**WHAT TO WORK ON:** Every line from the one holding "3D Eyebrow Styling" to the end of the entries should be repeated exactly, with the pictures left out.

GIVEN RECORDS Block Start

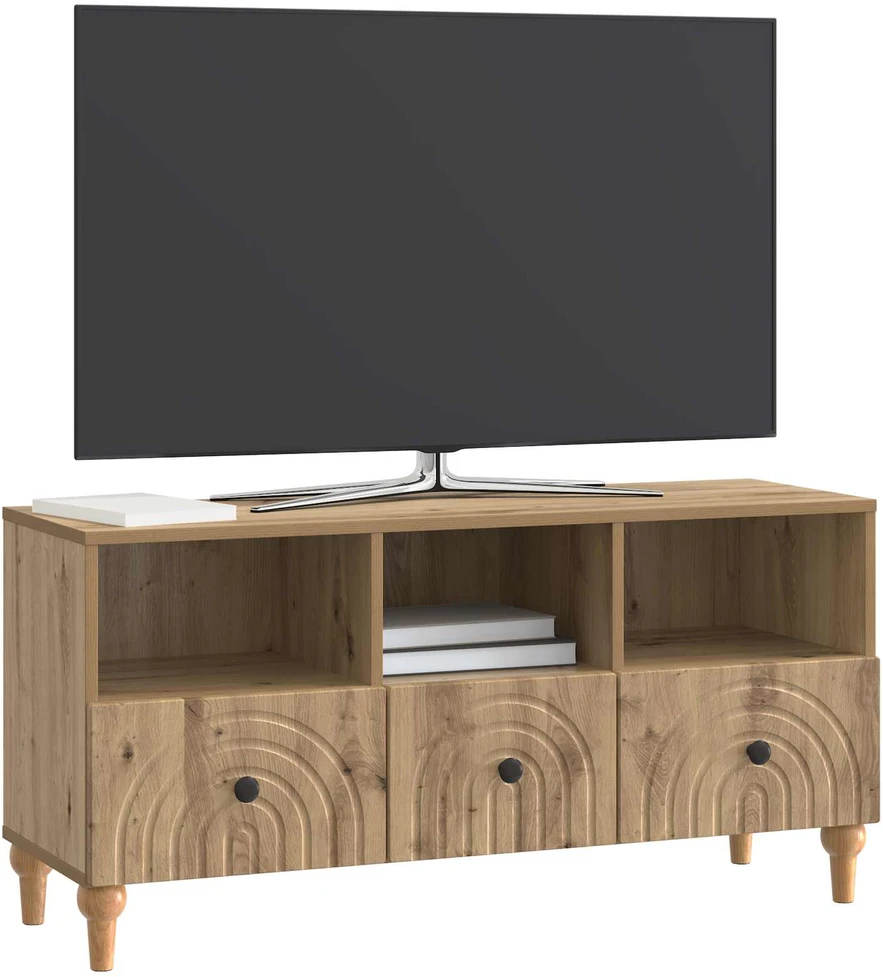 TV staliukas Televizoriaus spintelė 102 x 34,5 x 50 cm Amatinė Ąžuolas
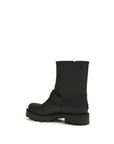Jimmy Choo Black Polyurethane Rain Boots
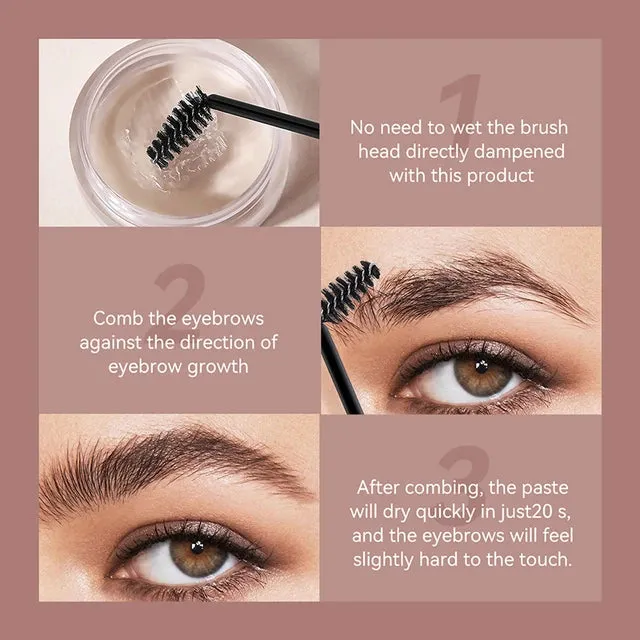 3D Eyebrow Styling Cream Quick-drying Makeup Eyebrow Sculpt Soap Natural Wild Brow Pomade Setting Gel Wax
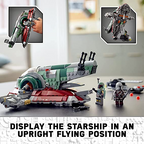 LEGO Star Wars Boba Fettâ€™s Starship 75312 Fun Toy Building Kit; Awesome Gift Idea for Kids; New 2021 (593 Pieces)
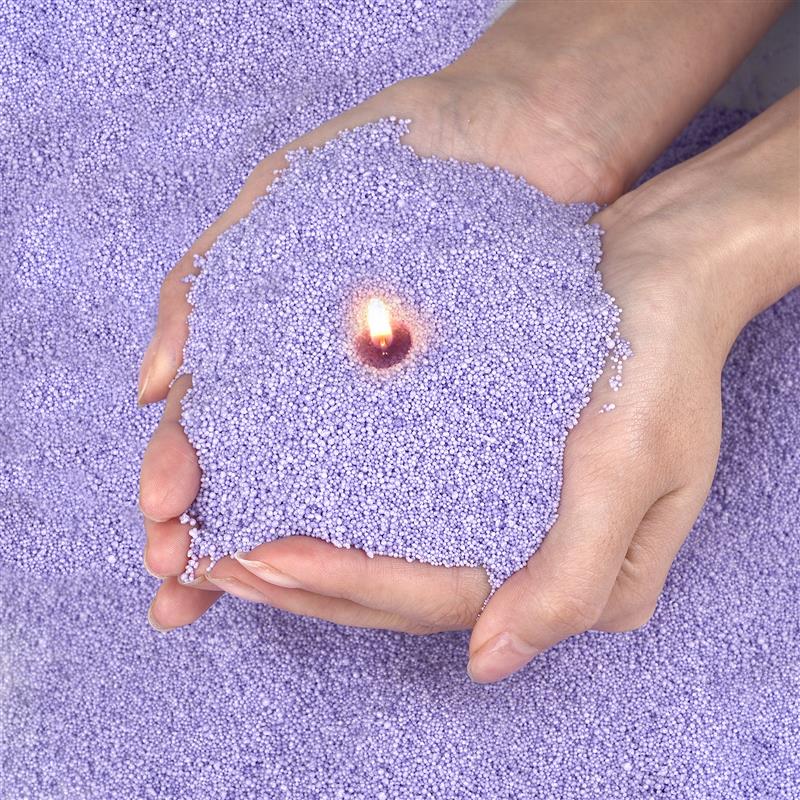 Colorful Granular Pearl Wax, DIY Candle Making Materials, Handmade Sand Painting Wax For Colour Sand Crafts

GIVEN RECORDS Block End

**FINISHED TASK:**
 3D Eyebrow Styling Cream Quick-drying Makeup Eyebrow Sculpt Soap Natural Wild Brow Pomade Setting Gel Wax
 LEGO Star Wars Boba Fettâ€™s Starship 75312 Fun Toy Building Kit; Awesome Gift Idea for Kids; New 2021 (593 Pieces)
 Colorful Granular Pearl Wax, DIY Candle Making Materials, Handmade Sand Painting Wax For Colour Sand Crafts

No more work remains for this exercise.